Press Makes Much of Bush-McCain Tensions
(CNSNews.com) - John McCain's supporters accuse George W Bush of "macho talk" that has set back efforts to reconcile the Republican frontrunner and his main primary-season rival. The flap stems from a recent interview Bush gave The New York Times.
Among other things, the newspaper asked Bush about Arizona Sen. John McCain producing record turnouts in the primaries. "Well, then, how come he didn't win?" Bush responded. Asked whether McCain had raised his consciousness about reform, Bush replied, "No, he didn't change my views." Bush also said he would not make concessions to McCain on campaign finance reform.
Trying to make amends after the newspaper published the interview Wednesday, Bush campaign manager Joe Allbaugh reportedly called McCain's top political adviser to say he regretted that the newspaper story didn't include more of the nice things Bush said about McCain.
Allbaugh reportedly promised that Bush would go out of his way in the future to say nice things about McCain to reporters, and Bush did point to areas of agreement between them in various campaign stops Thursday. "I'm confident we can work together," he said.
At a news conference Thursday in Springfield, Illinois, Bush said the "story out today ... doesn't characterize how I feel." He pointed to an interview on the front page of The Dallas Morning News that quotes Bush as saying he wants to mend fences with John McCain. "That's how I feel," he said.
McCain's advisers reportedly were stunned that Bush, in his New York Times interview, would be so dismissive of McCain while his aides are quietly seeking McCain's endorsement.
According to wire services, a senior McCain adviser said a quick resolution to the feud is now out of the question. He put the odds of McCain endorsing Bush before the election at "no better than 50-50."
Another adviser said it was now probable that McCain would never directly endorse Bush himself, though he could still back the ticket late in the campaign.
Sen.
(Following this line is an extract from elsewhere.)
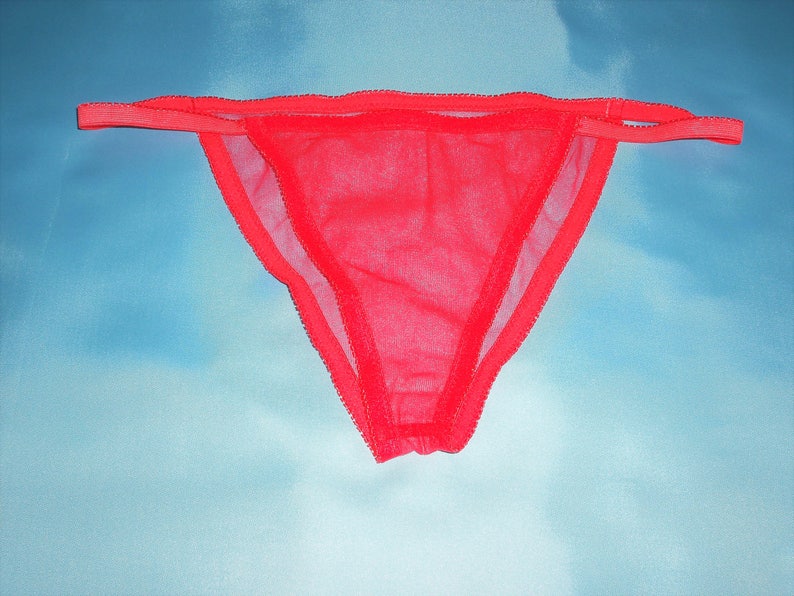 Red nylon panties see through knickers bikini style birthday Etsy
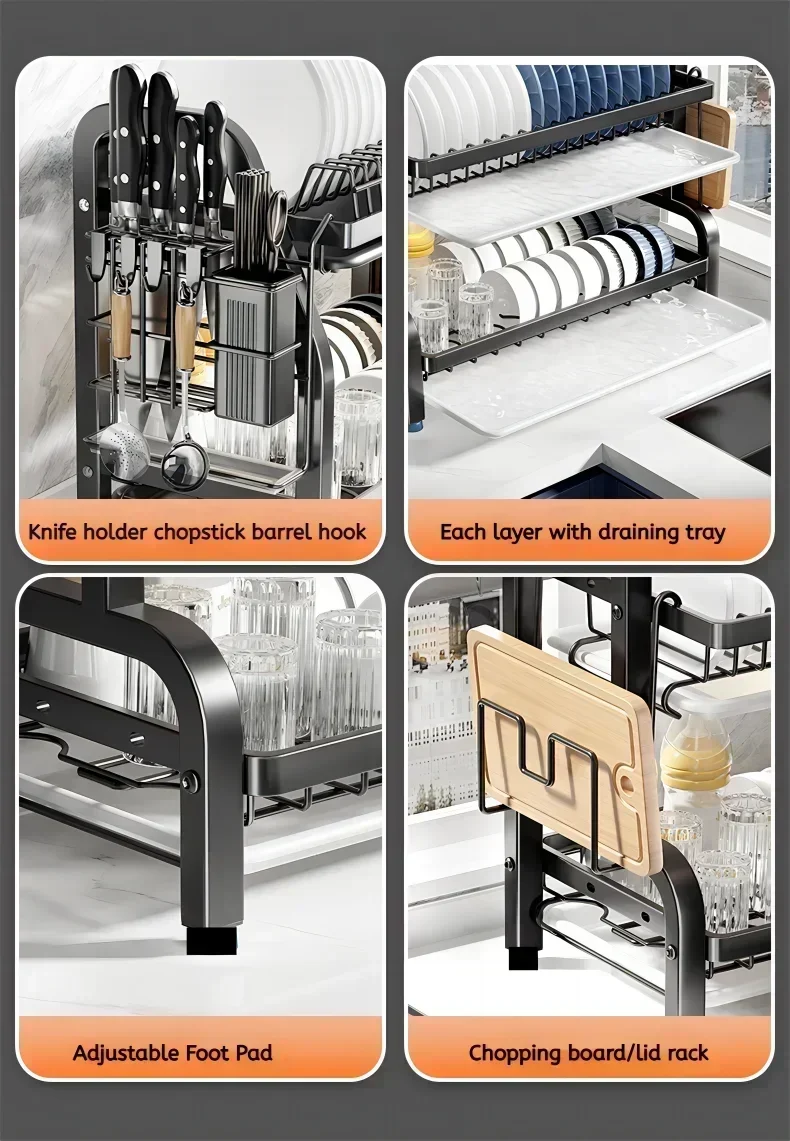 Stainless Steel Dish Rack 2-Tier, Drainboard & Utensil Holder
Chuck Hagel, a Nebraska Republican who co-chaired McCain's campaign, told The New York Times, "I don't think it enhances the bridge-building that needs to be done here. That was a pretty arrogant interview and it doesn't help what we're all trying to do here."
Vice President Al Gore also jumped into the act Thursday, saying Bush "should have been taking notes from John McCain" on campaign finance reform and tax policy.
McCain, who "suspended" his presidential campaign after the Super Tuesday primaries, is on vacation and unavailable for comment. He returns to Washington Monday.
In the meantime, there's plenty of mileage to be made among Democrats and their supporters by perpetuating the notion of a divided Republican party.